Data items
━━━━━━━━━━━━━━━━━━━━
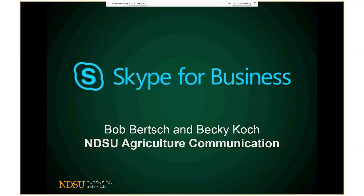Hi everyone, I'm Bob Birch, Web Technology Specialist with NDSU Ag Communication. This is the recording of the first regular webinar presented as part of Agriculture Communications' new webinar series. Our topic today is Skype for Business. This is a presentation I prepared with Becky Koch and we delivered live together on January 20th. This is just a re-recording of that session. If you have questions about anything shared in this webinar, please let us know. You can find both Becky and my contact information on the AGCOM website at www.ag.ndsu.edu/AGCOM.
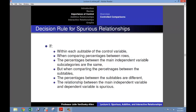So for future reference, if you are examining a controlled cross-tabulation table, this is the decision rule for determining whether the relationship between your main independent variable and your dependent variable is spurious: if within each sub-table of the controlled variable, when comparing percentages between rows, the percentages between the main independent variable subcategories are the same, but when comparing percentages between the sub-tables the percentages are different, the relationship between the main independent variable and dependent variable is spurious.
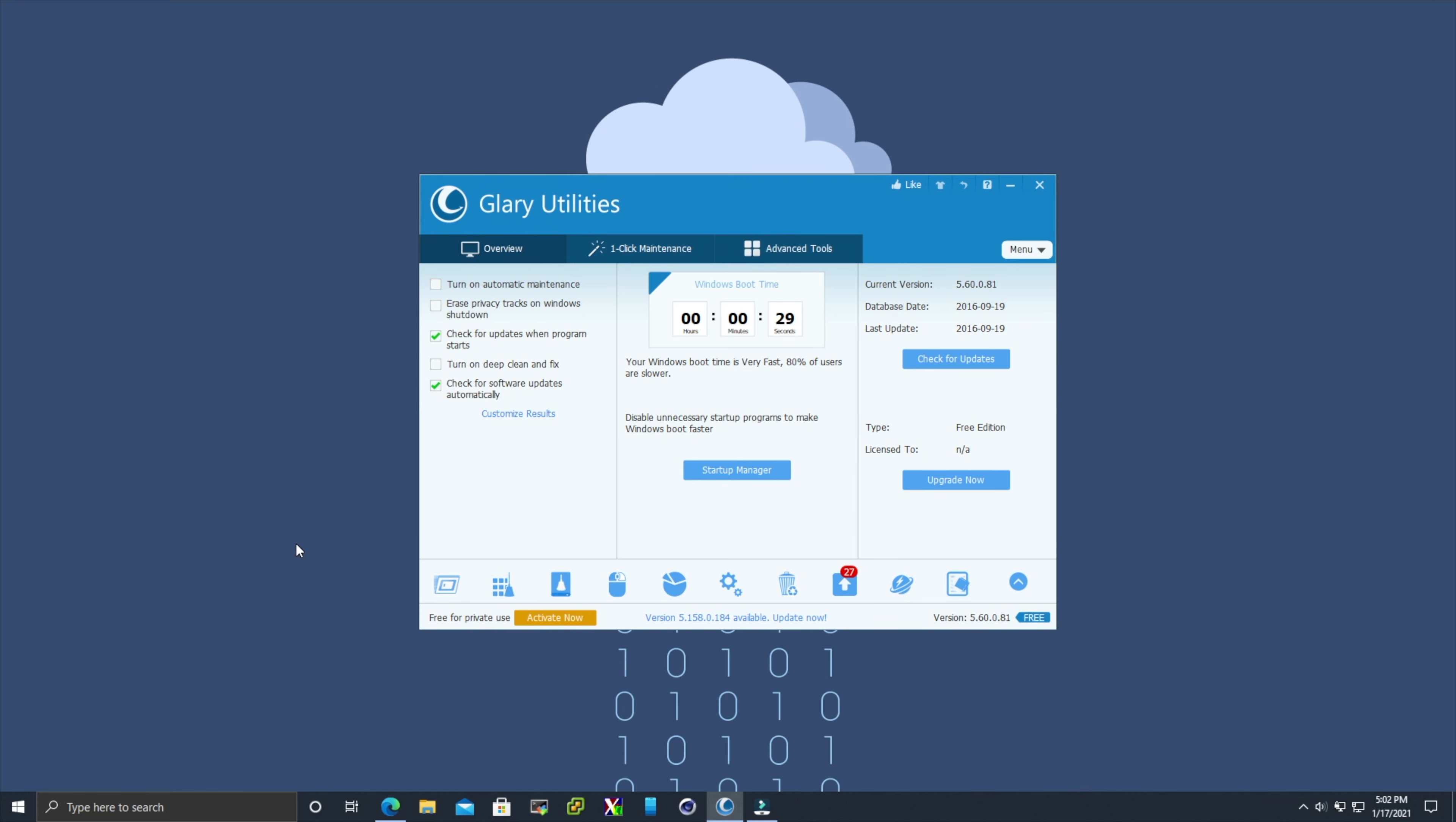All right. So it went from 36 seconds down to 29 seconds for the boot time. That is not too bad, just from making a couple of these quick and simple changes.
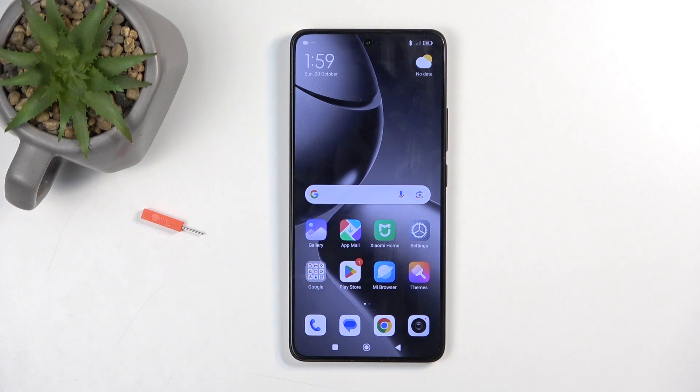Welcome and follow me — this is a Xiaomi 14T Pro, and today I'll show you how you can import contacts from your SIM card to the device.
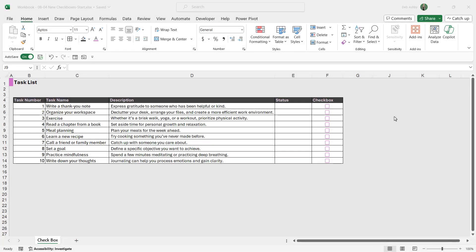There are new checkboxes available in Excel 365 and these checkboxes not only are a lot easier to insert and format, but they also look a lot nicer and more modern.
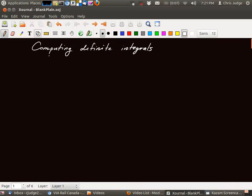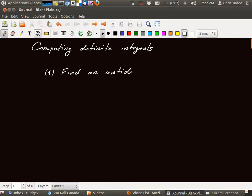In this video, we'll show you how to compute definite integrals. To compute a definite integral, there are two steps. One, you find an antiderivative. And then two, you apply the fundamental theorem of calculus.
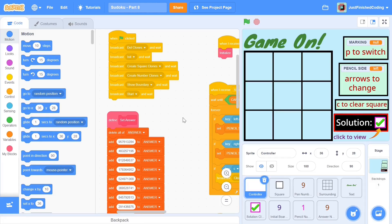Hello everyone and welcome back to Just Finished Coding. This is part 8 of our Sudoku series on Scratch 3. So without further ado, let's get right into it.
━━━━━━━━━━━━━━━━━━━━
EXERCISE BRIEF:
Only the lines from the line that contains "Welcome and follow" through the end of the entries are to be written out, exactly and without pictures, both ends included.

ANSWER SECTION:
Welcome and follow me — this is a Xiaomi 14T Pro, and today I'll show you how you can import contacts from your SIM card to the device.
There are new checkboxes available in Excel 365 and these checkboxes not only are a lot easier to insert and format, but they also look a lot nicer and more modern.
In this video, we'll show you how to compute definite integrals. To compute a definite integral, there are two steps. One, you find an antiderivative. And then two, you apply the fundamental theorem of calculus.
Hello everyone and welcome back to Just Finished Coding. This is part 8 of our Sudoku series on Scratch 3. So without further ado, let's get right into it.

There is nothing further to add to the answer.